Presidential historian: The top six reasons Trump won’t win in 2024 | Commentary

·3 min read
Greg Nash

Donald Trump clearly wants to run for president again in 2024. Here are six solid reasons why, if nominated, he is unlikely to win.

1. Trump has lost the popular vote in two presidential elections. Yes, he won the Electoral College in 2016. He carried the vote in that troubled mechanism the founders devised to dilute the potential damage that unfettered democracy might do to the new republic. Numerous attempts by Trump to claim that his vote totals exceeded those of opposing candidates in particular states have failed.

2. It is contrary to the American tradition to elect a once-defeated presidential candidate. Only one has succeeded; Grover Cleveland won in 1884, lost in 1888 (although he carried the popular vote), and won again in 1892.

3. Trump is a tarnished candidate. His overall popularity has never been large except with certain right-leaning voters, mostly in the South. There is abundant evidence that his stock is in decline among Republicans – the most evident being Fox News’ decreasing interest. Until the flap over the FBI’s raid on Trump’s Florida home last weekend, Fox had not done a featured interview about Trump for a hundred days.

4. Trump is a sore loser who, to this day, refuses to concede his electoral defeat in 2020. The American people are not kind to politicians or athletes who cannot graciously accept defeat. The public, except for Trump’s fanatical followers, is simply tired of the endless drama surrounding him.

5. Trump’s attempt to overthrow the 2020 election outcome failed and cannot be resurrected, despite the weaknesses it exposed in the American system. There is a strong movement toward legislative reform of the 1887 Electoral Count Act, parts of which the Trump forces attempted to exploit, including pressuring Vice President Mike Pence to refuse to complete the normally ceremonial count. If Pence had attempted any such thing, Congress would have overruled him. The election was over, counted and confirmed.

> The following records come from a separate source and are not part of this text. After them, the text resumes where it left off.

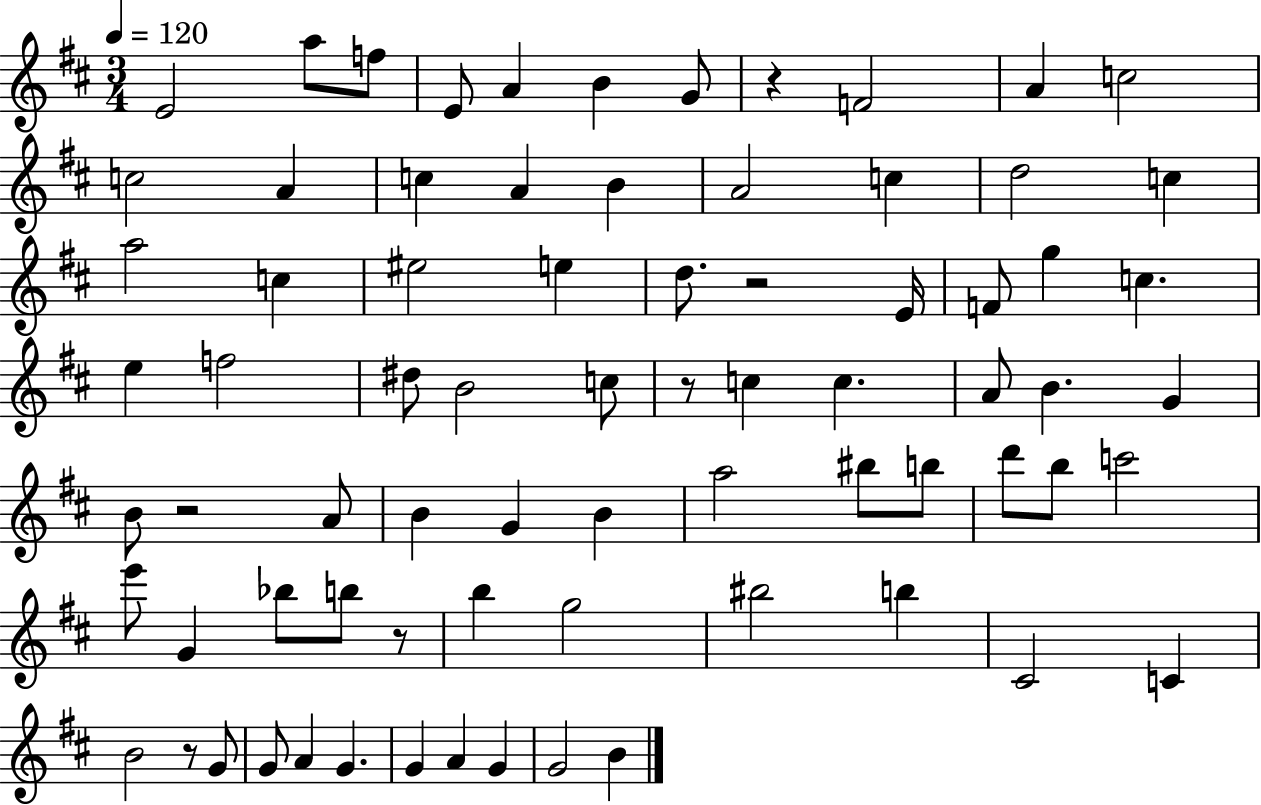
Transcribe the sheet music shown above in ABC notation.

X:1
T:Untitled
M:3/4
L:1/4
K:D
E2 a/2 f/2 E/2 A B G/2 z F2 A c2 c2 A c A B A2 c d2 c a2 c ^e2 e d/2 z2 E/4 F/2 g c e f2 ^d/2 B2 c/2 z/2 c c A/2 B G B/2 z2 A/2 B G B a2 ^b/2 b/2 d'/2 b/2 c'2 e'/2 G _b/2 b/2 z/2 b g2 ^b2 b ^C2 C B2 z/2 G/2 G/2 A G G A G G2 B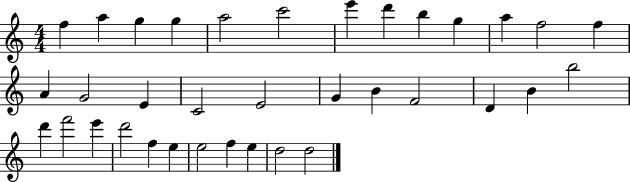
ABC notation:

X:1
T:Untitled
M:4/4
L:1/4
K:C
f a g g a2 c'2 e' d' b g a f2 f A G2 E C2 E2 G B F2 D B b2 d' f'2 e' d'2 f e e2 f e d2 d2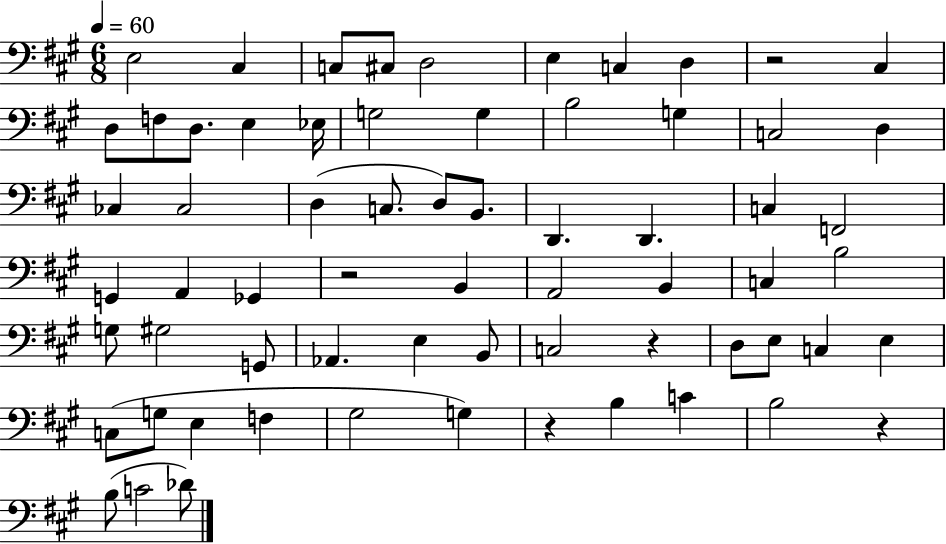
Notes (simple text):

E3/h C#3/q C3/e C#3/e D3/h E3/q C3/q D3/q R/h C#3/q D3/e F3/e D3/e. E3/q Eb3/s G3/h G3/q B3/h G3/q C3/h D3/q CES3/q CES3/h D3/q C3/e. D3/e B2/e. D2/q. D2/q. C3/q F2/h G2/q A2/q Gb2/q R/h B2/q A2/h B2/q C3/q B3/h G3/e G#3/h G2/e Ab2/q. E3/q B2/e C3/h R/q D3/e E3/e C3/q E3/q C3/e G3/e E3/q F3/q G#3/h G3/q R/q B3/q C4/q B3/h R/q B3/e C4/h Db4/e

6. It is too early to gauge the impact of the FBI search at Mar-a-Lago, Trump’s Florida enclave. Once the fuss over that search dies down, it is hard to conceive how this episode helps Trump in the fall elections, especially if it is proven he kept documents related to nuclear weapons development, deployment and defense.

The bottom line is that Trump’s prominence has been bad for the spirit and the performance of the Republican Party.

If nominated, there will be people and pressures within his own party that will, covertly or overtly, oppose his continuing domination of the party and resist his leadership and influence.

In the wake of the FBI search of Trump’s home, Trumpian fanatics have called for “civil war” and violent resistance.

While we cannot ignore the possibility of such protests by Trump supporters, we are not going to refight the Civil War in this country.

It is haunting that many of these seditious cries are coming from radicals in the states of the old Confederacy.

It is time to say “enough” – “enough” to civil war talk, “enough” to violent resistance to legitimate elections, and “enough” to demagogues like Donald Trump.

David A. Nichols, of Winfield, is a presidential historian and author of “Ike and McCarthy.”